Poco a dire il vero. L’ironia è proprio come quella che utilizzo nella vita vera (anche se confesso che nella realtà è molto calmierata e controllata in base a luoghi e situazioni), ma i miei personaggi sono spesso delle caricature che adottano comportamenti che nella vita reale potrebbero creare non pochi problemi. I dialoghi sono la parte che mi diverte di più scrivere e a volte contengono le parole che si vorrebbero dire a certe persone ma che non si possono dire per tanti motivi nella realtà e le azioni spesso sono quelle che forse nella vita reale una persona ragionevole e razionale non farebbe mai anche se vorrebbe. So che suona strano detto da me ma nelle situazioni in cui si trovano le mie protagoniste io, probabilmente, agirei in modo meno irrazionale e più assennato (il fatto che sia ironica non significa che sia poco assennata e poi diciamolo ho anche una certa età), sicuramente penserei di più alle conseguenze delle mie azioni ma loro sono personaggi inventati, in situazioni inventate e non devono per forza essere razionali e saggi… in fondo sono solo romanzi, totale frutto di fantasia, e non hanno l’obbligo di essere reali o realistici, verosimili forse ma reali no, altrimenti non sempre riuscirebbero nell’intento di far evadere e divertire.

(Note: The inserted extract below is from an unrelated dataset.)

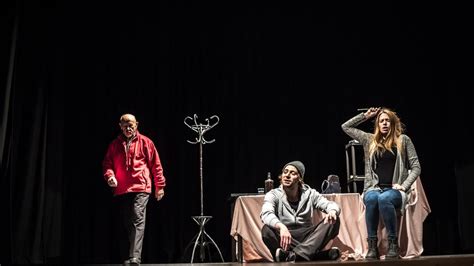 Retrato fotográfico de la actriz Stella Matute en una puesta en escena teatral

  • Leggendo “Maledetto il giorno in cui ti ho mentito“ è stato come avere la protagonista davanti a me ed ascoltare la storia direttamente da lei. Ho adorato il tuo metodo di scrittura. Mi sono sentita partecipe. È così che scrivi? Hai immaginato Rebecca raccontare tutto come un vecchio ricordo? 

Più che immaginato Rebecca raccontare ho immaginato di essere io stessa Rebecca che raccontava. Mi è risultato più facile e mi ha concesso di recitare quel ruolo che mi avrebbe fatto agire in modo a volte stupido e sconsiderato ma sapendo che non ci sarebbero state conseguenze (come sarebbe avvenuto nella vita reale) perché si trattava solo di fantasia e di un racconto… però mi ha divertito farlo. E mi fa immensamente piacere che questo metodo sia riuscito a coinvolgerti… in fondo è il mio obiettivo, coinvolgere il lettore per farlo vivere nella storia e per qualche ora in un mondo di fantasia, magari rilassandosi e ridendo.

  • Cosa ha ispirato questa storia?

In realtà non lo so, un giorno è arrivata così l’immagine di una ragazza che si ritrova a vivere una vita non sua a causa di un equivoco e io l’ho accantonata, non mi sembrava il momento giusto. Poi mi è tornata in mente durante la pandemia e la quarantena, periodo in cui ho lavorato a casa e avevo parecchio tempo da dedicare anche ai miei libri… l’ho rispolverata e l’ho scritta, una cosa molto naturale anche perché è stata scritta in tre settimane, come amo pensare io era già lì pronta e aspettava solo il suo momento giusto per essere confezionata. A volte mi capita di pensare che in realtà alcune storie sono già dentro di noi da sempre e aspettano solo il momento opportuno per bussare e informare che sono pronte a nascere ed essere scritte… so che sembra un po’ inquietante ma posso dire, adesso che la sto vivendo, che la vita degli scrittori spesso e volentieri è inquietante e costellata di misteri…

  • Sapremo mai com’è andata a finire tra Rebecca e Tristan?

Chi ha letto il libro sa come è andata a finire in realtà, ho lasciato un piccolissimo margine di apertura alla fantasia del lettore in caso Rebecca (o Tristan chi può dirlo?) decidesse di tornare e pretendesse che io scriva cosa è accaduto dopo ma questo solamente il destino e il futuro potranno dirlo.

 

Grazie per il tempo che ci hai dedicato, a presto!